I’m sure that it’s been discussed before, yet it’s rather difficult to find one’s way in this forum. Specially if you’re new like me. So I have two basic questions, which I’m pretty sure should have been talked about before.
My first question is about Spatial Pooler. Given HTM wants to exactly mimic our brain, why does then columns have such a wide receptor field? I’ve noticed that each column is somehow connected to a random subsample of the input space. I understand that this is in part due to easy SDR generation, the fact that encoders usually don’t create SDRs but they are created at the level of spatial pooler. My objection to this is on encoders, they should somehow act like convolutional neural networks. In a sense, encoders should screen the input holistically and create the SDR themselves. I feel, as if these encoders where somehow designed to fit text processing, while in fact, most of our knowledge is in domain of visual processing.

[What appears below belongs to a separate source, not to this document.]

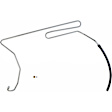 3402001 Power Steering Return Line Hose Assembly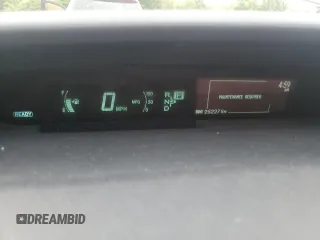2015 Toyota Prius Four with VIN JTDKN3DU0F1896957, listed as a Copart auction lot 64489315 with 252,278 mi miles and Clean title. Bid and sale history available at DreamBid. Image 9.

My second question is on the topic of temporal memory. Now, I get the sequence memory (and the beautiful implementation of SDR in the temporal memory itself), I also see how can this be interpreted in the context of STPD or any modified STPD in the brain. Yet, how about adding an spatial pooler and temporal pooler on top of the layer one (making it a real hierarchy). After all, theoretically, deep learning is so powerful since it captures hierarchical features. In a sense, adding V2, V3, and so on and so forth. Has there been an attempt to tackle this, how hard or computationally expensive would be such a thing to do? (it can be done, maybe, by connecting each column of a second layer to a subsample of a columns in the first layer, and do the learning there).